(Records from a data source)

________________

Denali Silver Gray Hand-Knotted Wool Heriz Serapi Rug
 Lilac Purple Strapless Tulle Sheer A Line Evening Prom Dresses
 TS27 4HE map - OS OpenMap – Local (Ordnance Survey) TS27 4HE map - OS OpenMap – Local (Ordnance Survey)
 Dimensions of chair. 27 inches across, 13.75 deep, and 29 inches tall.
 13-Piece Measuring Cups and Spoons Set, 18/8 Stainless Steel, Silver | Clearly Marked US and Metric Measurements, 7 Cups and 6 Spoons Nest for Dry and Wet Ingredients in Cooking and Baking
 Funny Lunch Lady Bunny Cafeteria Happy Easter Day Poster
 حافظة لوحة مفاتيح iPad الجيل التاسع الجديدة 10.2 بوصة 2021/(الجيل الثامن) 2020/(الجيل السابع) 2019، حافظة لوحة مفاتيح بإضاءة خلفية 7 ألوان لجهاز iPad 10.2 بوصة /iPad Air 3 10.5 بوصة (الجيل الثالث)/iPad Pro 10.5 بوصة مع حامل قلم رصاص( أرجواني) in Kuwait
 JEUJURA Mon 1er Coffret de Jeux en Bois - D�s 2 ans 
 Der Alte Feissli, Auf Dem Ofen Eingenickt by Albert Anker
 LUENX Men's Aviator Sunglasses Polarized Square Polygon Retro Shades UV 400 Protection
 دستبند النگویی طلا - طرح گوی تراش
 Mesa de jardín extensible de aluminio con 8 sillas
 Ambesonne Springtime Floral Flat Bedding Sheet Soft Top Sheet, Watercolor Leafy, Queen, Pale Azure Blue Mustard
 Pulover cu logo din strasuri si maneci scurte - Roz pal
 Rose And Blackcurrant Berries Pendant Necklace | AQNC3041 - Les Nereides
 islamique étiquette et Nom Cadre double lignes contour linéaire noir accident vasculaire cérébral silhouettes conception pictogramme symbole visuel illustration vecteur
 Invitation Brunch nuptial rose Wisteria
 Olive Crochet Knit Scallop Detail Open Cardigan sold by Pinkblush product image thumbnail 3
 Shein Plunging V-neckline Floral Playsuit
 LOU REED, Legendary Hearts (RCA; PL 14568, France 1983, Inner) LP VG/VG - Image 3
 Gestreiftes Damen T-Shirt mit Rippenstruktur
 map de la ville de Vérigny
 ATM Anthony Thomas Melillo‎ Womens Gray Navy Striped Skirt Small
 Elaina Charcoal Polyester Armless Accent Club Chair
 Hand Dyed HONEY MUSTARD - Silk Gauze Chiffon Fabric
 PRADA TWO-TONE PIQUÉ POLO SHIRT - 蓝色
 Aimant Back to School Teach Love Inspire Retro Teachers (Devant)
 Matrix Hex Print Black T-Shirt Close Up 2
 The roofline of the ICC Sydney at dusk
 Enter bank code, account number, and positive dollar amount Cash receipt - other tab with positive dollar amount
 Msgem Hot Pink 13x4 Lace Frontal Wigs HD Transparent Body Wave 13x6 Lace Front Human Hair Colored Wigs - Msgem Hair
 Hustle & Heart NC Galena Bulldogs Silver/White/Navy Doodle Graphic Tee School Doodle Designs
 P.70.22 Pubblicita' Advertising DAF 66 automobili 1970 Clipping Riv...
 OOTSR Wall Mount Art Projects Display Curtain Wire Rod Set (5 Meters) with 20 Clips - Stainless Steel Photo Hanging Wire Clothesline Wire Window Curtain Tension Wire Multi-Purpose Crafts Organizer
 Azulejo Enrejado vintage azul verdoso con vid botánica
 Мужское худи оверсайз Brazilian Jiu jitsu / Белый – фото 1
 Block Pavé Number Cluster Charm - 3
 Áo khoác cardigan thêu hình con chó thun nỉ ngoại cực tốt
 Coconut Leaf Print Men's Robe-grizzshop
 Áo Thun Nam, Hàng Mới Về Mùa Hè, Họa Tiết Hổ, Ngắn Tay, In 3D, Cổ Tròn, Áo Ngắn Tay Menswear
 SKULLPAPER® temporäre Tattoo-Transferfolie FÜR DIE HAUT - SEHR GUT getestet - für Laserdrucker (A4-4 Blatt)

________________

## What the task asks
What is needed is an exact copy of the lines from the one containing "Hustle & Heart" through the final line of the data, both included, and nothing more.

## Response
 Hustle & Heart NC Galena Bulldogs Silver/White/Navy Doodle Graphic Tee School Doodle Designs
 P.70.22 Pubblicita' Advertising DAF 66 automobili 1970 Clipping Riv...
 OOTSR Wall Mount Art Projects Display Curtain Wire Rod Set (5 Meters) with 20 Clips - Stainless Steel Photo Hanging Wire Clothesline Wire Window Curtain Tension Wire Multi-Purpose Crafts Organizer
 Azulejo Enrejado vintage azul verdoso con vid botánica
 Мужское худи оверсайз Brazilian Jiu jitsu / Белый – фото 1
 Block Pavé Number Cluster Charm - 3
 Áo khoác cardigan thêu hình con chó thun nỉ ngoại cực tốt
 Coconut Leaf Print Men's Robe-grizzshop
 Áo Thun Nam, Hàng Mới Về Mùa Hè, Họa Tiết Hổ, Ngắn Tay, In 3D, Cổ Tròn, Áo Ngắn Tay Menswear
 SKULLPAPER® temporäre Tattoo-Transferfolie FÜR DIE HAUT - SEHR GUT getestet - für Laserdrucker (A4-4 Blatt)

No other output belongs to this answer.